> [PROBLEM TO WORK ON] Write out exactly the lines of the entries below, from the first through the line containing "negro Bershka hombres", and nothing beyond them.

> [DATA FOR PROCESSING]
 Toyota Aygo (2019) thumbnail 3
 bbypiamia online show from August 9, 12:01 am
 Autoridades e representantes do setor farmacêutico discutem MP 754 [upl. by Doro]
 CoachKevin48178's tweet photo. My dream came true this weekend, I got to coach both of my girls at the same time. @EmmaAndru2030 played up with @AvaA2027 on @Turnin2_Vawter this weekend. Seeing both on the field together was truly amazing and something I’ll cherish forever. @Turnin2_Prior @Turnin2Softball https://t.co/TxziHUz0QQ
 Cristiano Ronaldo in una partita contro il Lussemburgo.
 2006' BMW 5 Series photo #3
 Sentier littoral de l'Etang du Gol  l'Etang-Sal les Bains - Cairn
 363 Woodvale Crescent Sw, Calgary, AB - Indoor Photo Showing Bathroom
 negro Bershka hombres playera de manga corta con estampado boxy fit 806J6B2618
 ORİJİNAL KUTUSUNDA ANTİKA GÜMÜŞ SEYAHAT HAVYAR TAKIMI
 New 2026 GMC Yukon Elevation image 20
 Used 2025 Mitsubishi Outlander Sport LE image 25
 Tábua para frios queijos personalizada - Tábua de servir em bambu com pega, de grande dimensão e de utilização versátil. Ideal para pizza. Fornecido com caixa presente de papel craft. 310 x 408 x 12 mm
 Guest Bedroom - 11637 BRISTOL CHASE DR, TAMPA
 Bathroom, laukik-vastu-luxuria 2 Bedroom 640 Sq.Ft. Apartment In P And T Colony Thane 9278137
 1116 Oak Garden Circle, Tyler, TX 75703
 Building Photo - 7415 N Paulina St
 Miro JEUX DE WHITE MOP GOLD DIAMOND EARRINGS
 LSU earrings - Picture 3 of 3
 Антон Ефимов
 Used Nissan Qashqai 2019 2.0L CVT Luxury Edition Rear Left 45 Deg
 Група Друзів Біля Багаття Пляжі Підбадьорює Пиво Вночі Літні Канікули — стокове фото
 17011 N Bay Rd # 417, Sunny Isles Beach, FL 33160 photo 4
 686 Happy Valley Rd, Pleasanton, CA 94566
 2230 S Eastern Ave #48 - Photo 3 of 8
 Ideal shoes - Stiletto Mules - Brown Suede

> [ANSWER BOX]
 Toyota Aygo (2019) thumbnail 3
 bbypiamia online show from August 9, 12:01 am
 Autoridades e representantes do setor farmacêutico discutem MP 754 [upl. by Doro]
 CoachKevin48178's tweet photo. My dream came true this weekend, I got to coach both of my girls at the same time. @EmmaAndru2030 played up with @AvaA2027 on @Turnin2_Vawter this weekend. Seeing both on the field together was truly amazing and something I’ll cherish forever. @Turnin2_Prior @Turnin2Softball https://t.co/TxziHUz0QQ
 Cristiano Ronaldo in una partita contro il Lussemburgo.
 2006' BMW 5 Series photo #3
 Sentier littoral de l'Etang du Gol  l'Etang-Sal les Bains - Cairn
 363 Woodvale Crescent Sw, Calgary, AB - Indoor Photo Showing Bathroom
 negro Bershka hombres playera de manga corta con estampado boxy fit 806J6B2618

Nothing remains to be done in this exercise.